From a Reader in Texas:
What you wrote in your Reflections is truth, Al; although a very sad truth! Yet, the light of truth must be taught. Thank you, brother.
From a Reader in Texas:
Thank you so much for your article "Ever Seeing, Never Perceiving." For many years (almost ten) I have been increasingly aware, via the avenue of prayer and meditation, of the grace of God and our wretched and helpless estate apart from Him. The practice of prayer and meditation has brought increased sensitivity to my own sin, awareness of the need for repentance, and a greater compassion and understanding toward the sins of others. It has also shed light upon hypocrisy, especially that of Pharisaical leadership. The more we come to perceive and experience grace, the more we also deeply sense those who do not perceive His grace. By far, the greatest opposition I have experienced has been from such blind individuals who loved to point out my sin while seeking to justify their own. As Proverbs clarifies, such people are "fools." I have found the best tactic is to remain silent, or humbly open to their criticism, lest I fall into their folly.
From a Reader in Georgia:
I really enjoyed this issue of Reflections, and how you communicated that God finally gave the rebellious what they desired. I would imagine that most parents, at some time or another, finally allowed their child to do something, knowing full well it was going to turn out badly for the child, yet knowing it was necessary in teaching an important lesson. I can relate to hard-headed people more than I am comfortable admitting! Also, your paragraph on the "blindness" of the legalists reminded me of this verse which seems to always come to mind when I hear people speaking on this subject: "If your eye is bad, your whole body will be full of darkness. If then the light in you is darkness, how great is the darkness" (Matthew 6:23, ESV). Have a blessed week, my friend, and thanks again for all the encouragement and instruction provided weekly in your Reflections.

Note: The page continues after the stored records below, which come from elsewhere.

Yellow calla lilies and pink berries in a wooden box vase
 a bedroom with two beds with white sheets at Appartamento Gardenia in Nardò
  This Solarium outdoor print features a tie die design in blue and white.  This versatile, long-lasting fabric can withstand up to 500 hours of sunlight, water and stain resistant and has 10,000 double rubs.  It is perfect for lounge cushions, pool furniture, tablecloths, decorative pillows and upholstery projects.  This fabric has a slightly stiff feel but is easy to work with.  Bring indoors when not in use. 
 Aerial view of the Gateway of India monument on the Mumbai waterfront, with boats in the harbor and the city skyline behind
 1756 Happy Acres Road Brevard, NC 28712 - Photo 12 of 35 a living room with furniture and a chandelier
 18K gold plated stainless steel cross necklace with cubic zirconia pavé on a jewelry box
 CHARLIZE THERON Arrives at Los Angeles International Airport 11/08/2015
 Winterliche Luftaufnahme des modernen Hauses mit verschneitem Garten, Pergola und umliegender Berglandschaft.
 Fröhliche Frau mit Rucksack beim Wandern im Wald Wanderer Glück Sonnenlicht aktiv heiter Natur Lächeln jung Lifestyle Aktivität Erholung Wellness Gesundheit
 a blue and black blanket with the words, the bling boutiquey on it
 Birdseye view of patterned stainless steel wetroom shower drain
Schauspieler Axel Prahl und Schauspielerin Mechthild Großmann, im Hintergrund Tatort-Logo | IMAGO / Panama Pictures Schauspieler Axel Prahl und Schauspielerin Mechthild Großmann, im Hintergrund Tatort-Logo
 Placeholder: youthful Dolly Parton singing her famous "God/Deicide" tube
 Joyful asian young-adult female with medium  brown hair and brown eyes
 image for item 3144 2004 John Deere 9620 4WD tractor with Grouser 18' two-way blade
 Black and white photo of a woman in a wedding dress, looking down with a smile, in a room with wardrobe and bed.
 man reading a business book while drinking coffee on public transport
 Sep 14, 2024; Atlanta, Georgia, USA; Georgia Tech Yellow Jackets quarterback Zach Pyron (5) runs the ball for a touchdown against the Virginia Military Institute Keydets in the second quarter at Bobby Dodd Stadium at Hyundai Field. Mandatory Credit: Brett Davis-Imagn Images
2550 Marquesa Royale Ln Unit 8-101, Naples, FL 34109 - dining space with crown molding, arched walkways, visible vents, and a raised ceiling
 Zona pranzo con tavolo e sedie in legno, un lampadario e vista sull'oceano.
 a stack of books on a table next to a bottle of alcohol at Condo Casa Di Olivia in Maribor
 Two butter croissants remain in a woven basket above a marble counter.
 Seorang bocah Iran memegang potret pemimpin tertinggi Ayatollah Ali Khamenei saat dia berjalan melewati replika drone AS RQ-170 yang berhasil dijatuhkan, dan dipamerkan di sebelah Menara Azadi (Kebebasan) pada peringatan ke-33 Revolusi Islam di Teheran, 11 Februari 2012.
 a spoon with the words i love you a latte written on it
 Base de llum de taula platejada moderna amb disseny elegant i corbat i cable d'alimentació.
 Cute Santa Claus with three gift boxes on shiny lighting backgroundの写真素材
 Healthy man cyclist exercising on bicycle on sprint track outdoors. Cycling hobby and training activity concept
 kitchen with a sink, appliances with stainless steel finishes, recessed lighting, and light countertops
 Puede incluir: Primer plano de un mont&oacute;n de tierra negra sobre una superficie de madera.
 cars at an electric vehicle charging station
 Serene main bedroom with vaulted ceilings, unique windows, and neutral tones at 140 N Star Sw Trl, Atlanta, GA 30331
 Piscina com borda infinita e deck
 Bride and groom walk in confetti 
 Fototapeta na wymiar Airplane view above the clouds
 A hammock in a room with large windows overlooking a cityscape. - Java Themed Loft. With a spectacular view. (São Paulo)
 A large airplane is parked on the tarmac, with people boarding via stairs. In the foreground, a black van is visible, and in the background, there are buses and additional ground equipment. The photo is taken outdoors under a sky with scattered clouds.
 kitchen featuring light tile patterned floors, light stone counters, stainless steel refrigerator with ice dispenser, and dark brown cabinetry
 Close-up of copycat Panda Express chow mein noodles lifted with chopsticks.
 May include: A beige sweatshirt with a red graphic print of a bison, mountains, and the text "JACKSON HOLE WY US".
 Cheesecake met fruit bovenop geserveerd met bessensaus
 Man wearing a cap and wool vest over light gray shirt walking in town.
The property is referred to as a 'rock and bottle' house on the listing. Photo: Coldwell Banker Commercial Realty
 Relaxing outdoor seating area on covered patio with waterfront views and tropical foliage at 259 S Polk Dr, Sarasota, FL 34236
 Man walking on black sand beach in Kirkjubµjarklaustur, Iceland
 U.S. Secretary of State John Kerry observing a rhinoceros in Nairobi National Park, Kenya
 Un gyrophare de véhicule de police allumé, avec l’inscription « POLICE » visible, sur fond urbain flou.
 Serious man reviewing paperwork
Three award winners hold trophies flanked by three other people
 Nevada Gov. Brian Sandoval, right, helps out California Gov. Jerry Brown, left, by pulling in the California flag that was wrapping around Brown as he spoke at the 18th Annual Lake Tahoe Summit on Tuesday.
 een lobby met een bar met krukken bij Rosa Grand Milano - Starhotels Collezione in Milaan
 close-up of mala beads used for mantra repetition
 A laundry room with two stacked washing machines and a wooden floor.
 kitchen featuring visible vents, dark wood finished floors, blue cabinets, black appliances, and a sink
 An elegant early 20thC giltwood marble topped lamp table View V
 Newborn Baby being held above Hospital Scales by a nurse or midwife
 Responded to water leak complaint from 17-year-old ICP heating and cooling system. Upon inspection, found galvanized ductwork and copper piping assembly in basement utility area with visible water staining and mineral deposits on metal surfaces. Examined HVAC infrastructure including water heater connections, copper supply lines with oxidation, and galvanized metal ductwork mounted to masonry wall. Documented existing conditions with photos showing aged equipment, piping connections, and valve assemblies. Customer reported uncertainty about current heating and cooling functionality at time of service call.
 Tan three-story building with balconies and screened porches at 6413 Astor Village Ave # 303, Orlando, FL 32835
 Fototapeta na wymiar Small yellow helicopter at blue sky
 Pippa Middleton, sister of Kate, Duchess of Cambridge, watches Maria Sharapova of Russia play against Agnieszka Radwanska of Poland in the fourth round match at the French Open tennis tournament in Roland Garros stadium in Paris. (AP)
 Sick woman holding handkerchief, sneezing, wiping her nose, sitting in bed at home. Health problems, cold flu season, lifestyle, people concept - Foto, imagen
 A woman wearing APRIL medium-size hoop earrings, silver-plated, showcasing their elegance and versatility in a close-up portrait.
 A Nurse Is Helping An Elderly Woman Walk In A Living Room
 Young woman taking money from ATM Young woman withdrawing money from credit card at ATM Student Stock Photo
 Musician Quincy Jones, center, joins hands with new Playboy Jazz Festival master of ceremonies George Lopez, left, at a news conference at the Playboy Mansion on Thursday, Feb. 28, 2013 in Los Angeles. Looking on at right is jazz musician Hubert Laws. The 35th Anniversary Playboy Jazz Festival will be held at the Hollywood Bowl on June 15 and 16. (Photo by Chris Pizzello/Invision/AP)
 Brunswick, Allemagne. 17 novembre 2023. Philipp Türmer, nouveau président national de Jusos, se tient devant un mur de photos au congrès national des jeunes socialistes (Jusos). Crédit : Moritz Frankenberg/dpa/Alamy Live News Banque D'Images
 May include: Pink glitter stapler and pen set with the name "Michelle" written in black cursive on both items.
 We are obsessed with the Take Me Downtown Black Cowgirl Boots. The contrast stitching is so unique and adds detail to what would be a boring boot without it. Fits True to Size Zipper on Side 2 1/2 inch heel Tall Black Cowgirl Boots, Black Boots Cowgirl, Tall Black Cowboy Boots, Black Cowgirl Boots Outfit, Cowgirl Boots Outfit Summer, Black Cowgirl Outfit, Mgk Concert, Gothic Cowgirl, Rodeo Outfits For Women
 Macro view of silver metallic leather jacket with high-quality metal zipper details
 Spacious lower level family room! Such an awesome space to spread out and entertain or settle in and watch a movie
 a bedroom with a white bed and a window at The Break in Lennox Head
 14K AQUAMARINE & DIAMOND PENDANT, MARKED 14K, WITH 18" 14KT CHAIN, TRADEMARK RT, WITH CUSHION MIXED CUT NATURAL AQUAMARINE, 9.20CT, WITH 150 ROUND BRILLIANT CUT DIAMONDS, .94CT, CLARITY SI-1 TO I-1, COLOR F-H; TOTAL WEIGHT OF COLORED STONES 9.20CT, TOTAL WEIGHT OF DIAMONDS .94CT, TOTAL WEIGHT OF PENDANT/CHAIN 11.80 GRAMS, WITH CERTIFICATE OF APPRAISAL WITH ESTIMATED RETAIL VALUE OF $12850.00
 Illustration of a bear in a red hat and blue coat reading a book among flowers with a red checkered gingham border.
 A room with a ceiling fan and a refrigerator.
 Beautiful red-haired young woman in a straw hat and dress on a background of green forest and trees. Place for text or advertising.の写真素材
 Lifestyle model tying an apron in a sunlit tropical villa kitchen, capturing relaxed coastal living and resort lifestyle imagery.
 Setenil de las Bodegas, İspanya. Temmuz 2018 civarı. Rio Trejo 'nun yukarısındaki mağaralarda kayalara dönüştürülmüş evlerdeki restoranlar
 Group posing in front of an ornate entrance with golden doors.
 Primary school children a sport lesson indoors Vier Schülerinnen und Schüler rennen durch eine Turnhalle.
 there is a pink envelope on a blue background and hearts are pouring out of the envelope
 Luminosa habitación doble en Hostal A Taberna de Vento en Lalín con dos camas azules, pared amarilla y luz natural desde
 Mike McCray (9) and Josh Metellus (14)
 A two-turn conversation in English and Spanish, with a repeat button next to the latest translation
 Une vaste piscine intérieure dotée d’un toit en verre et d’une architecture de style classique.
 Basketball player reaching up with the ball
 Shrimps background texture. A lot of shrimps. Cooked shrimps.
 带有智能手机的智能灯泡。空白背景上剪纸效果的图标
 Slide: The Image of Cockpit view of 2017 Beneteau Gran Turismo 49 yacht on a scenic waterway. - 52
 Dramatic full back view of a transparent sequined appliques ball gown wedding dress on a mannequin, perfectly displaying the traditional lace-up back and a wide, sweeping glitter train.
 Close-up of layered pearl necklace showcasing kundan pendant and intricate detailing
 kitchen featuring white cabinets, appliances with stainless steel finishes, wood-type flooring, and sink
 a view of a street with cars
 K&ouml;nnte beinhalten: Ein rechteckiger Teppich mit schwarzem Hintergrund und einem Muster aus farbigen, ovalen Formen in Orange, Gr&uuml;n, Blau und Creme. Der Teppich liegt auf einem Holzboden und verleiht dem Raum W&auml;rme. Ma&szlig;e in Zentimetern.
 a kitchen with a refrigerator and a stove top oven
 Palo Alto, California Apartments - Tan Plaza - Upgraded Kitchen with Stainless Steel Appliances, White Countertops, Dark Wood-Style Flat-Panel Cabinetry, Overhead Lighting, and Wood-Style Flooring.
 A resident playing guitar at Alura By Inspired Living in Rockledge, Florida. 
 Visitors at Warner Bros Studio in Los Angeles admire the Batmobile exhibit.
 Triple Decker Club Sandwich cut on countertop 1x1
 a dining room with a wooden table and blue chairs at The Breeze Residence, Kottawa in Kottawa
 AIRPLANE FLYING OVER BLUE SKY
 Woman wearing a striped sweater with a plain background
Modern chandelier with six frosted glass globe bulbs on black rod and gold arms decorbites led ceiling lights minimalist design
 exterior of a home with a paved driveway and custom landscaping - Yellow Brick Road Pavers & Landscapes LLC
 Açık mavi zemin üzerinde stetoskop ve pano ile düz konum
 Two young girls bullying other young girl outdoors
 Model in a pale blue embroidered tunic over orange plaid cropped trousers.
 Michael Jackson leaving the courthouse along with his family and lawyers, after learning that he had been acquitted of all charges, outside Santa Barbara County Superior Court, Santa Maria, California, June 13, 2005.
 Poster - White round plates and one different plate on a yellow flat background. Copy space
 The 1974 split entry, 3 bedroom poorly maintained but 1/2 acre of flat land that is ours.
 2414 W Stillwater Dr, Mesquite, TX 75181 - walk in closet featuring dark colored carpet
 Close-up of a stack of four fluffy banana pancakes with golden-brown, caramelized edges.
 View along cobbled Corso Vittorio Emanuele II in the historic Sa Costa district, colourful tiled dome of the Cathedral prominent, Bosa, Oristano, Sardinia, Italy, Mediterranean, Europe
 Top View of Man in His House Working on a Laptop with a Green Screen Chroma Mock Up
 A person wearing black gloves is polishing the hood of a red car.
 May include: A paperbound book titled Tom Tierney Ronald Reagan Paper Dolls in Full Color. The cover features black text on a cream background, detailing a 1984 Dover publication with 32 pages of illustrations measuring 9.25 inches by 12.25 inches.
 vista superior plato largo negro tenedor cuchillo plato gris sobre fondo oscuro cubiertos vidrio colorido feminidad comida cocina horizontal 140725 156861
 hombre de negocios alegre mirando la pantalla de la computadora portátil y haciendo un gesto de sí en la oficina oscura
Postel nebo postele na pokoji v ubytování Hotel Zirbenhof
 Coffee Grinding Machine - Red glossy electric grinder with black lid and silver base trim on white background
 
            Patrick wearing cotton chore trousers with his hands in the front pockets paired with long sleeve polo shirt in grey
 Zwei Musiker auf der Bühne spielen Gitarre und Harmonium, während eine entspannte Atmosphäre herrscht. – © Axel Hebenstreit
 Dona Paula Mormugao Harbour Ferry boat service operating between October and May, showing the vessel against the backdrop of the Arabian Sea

From a Minister in Tennessee:
Thanks for your studies! One comment on your previous Reflections. In the readers' section, an individual from Oklahoma wrote about Zacchaeus, "Didn't Jesus know that this wee little man needed to fall out of that tree into a pool of water before He could declare him 'saved'?" That comment reminded me of something. John the Baptist performed a baptism of repentance for the remission of sins (Mark 1:4). Jesus' disciples also baptized. Wouldn't Zacchaeus have been a very good candidate in need of such a baptism? Interesting that Jesus declared him saved, yet said nothing about any need for such a baptism of repentance for the remission of sins!
From a Reader in Alabama:
My dear brother, Thank You!! Thank you for this article concerning those "Ever Seeing, Never Perceiving." Thank you also for showing me the true nature of Jesus. Man, have you ever helped my heart!! This is one issue of Reflections I'll need to read again and again to get this truth to stay in my heart and mind -- that and prayer! Thank you for taking the time to really search and find answers from Scripture that stay true to the kindness, patience and love of Christ. I also thank you for allowing me to write and ask you questions, and for taking the time to answer them!
From a Minister in California:
Your explanations for foreknowledge, predetermination, predestination, and free will, which were imbedded within the longer study of Reflections #260 -- "Judas Iscariot: An In-Depth Reflective Analysis," were extremely helpful to me. Thank you so much for that study. Thank you also for all that you do. I have a couple of your books sitting here, just waiting for me to read as soon as I finish the one, by another author, I'm currently reading.